‘Food and nutrition security as a central theme in the training of public managers in Brazil and Latin America is an initiative that should be praised. It’s about encouraging the creation of public policies in an intersectoral and participatory way and at the same time encouraging South-South cooperation strategies,’ said the director of the World Food Programme (WFP) Centre of Excellence against Hunger in Brazil, Daniel Balaban, about the round table promoted this Friday (23) by the National School of Public Administration (ENAP), entitled “Challenges of the contemporary context and prospects for international cooperation”.
In addition to the WFP, representatives from other UN agencies that have supported the course were also invited: FAO, IFAD, IICA, OEI, PAHO, UNICEF, as well as representatives from the Brazilian government.
The event is part of the closing programme for the course ‘International Programme for Intersectoral Policies: Perspectives on Sovereignty Policies and Food and Nutrition Security’, which trains 23 Brazilian and 12 Latin American public managers in public policy strategies.
The course dealt with food and nutrition security in detail, including the formulation of public policies and monitoring, the link between access to and production of adequate and healthy food, human health and food culture.
For WFP Centre of Excellence nutritionist Eliene Sousa, the course shows how much Brazil’s food and nutrition security is a benchmark for the world. ‘ENAP provides this exchange within the public service.

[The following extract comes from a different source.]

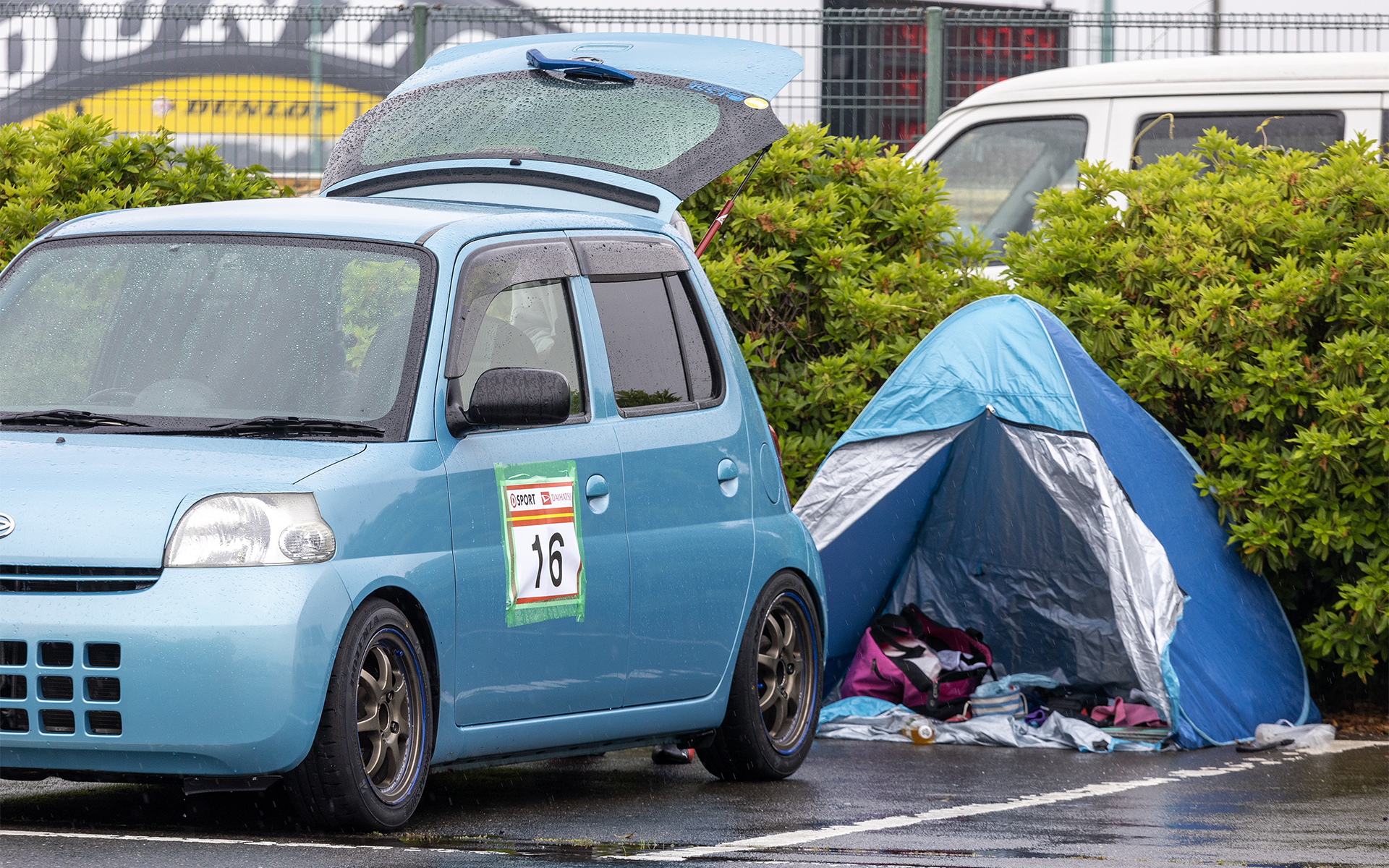 予報どおり、お昼ごろになると雨が落ちてきた。あらかじめ分かっていただけに、このようにポップアップテントを持参する参加者は多かった。皆さん、場慣れしていますね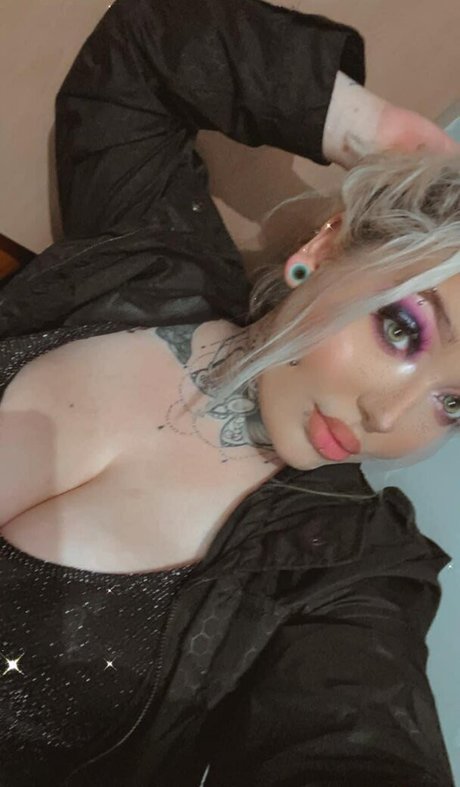 courtneybt1ts top heiße foto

It’s important for Brazilian civil servants to be able to exchange with other managers in Latin America, to find out what is being done in other countries in the area of food security, which is a form of South-South cooperation,’ she said.
Eliene mediated one of the discussion tables at the course, in which eight students presented a case study on public policies. Among the topics covered were: the National Strategy for Healthy Eating in Schools; the National School Feeding Programme; the National Urban and Peri-urban Agriculture Programme; the Breastfeeding and Milk Bank Programme; and the Ecuadorian policy against child malnutrition.
‘From the point of view of public management, it’s important to give internal visibility to existing Brazilian policies, but also to analyse them from an international perspective, in order to gain a perspective and increase awareness of the relevance of the work being done in the area of food and nutrition security in various countries around the world,’ said Eliene.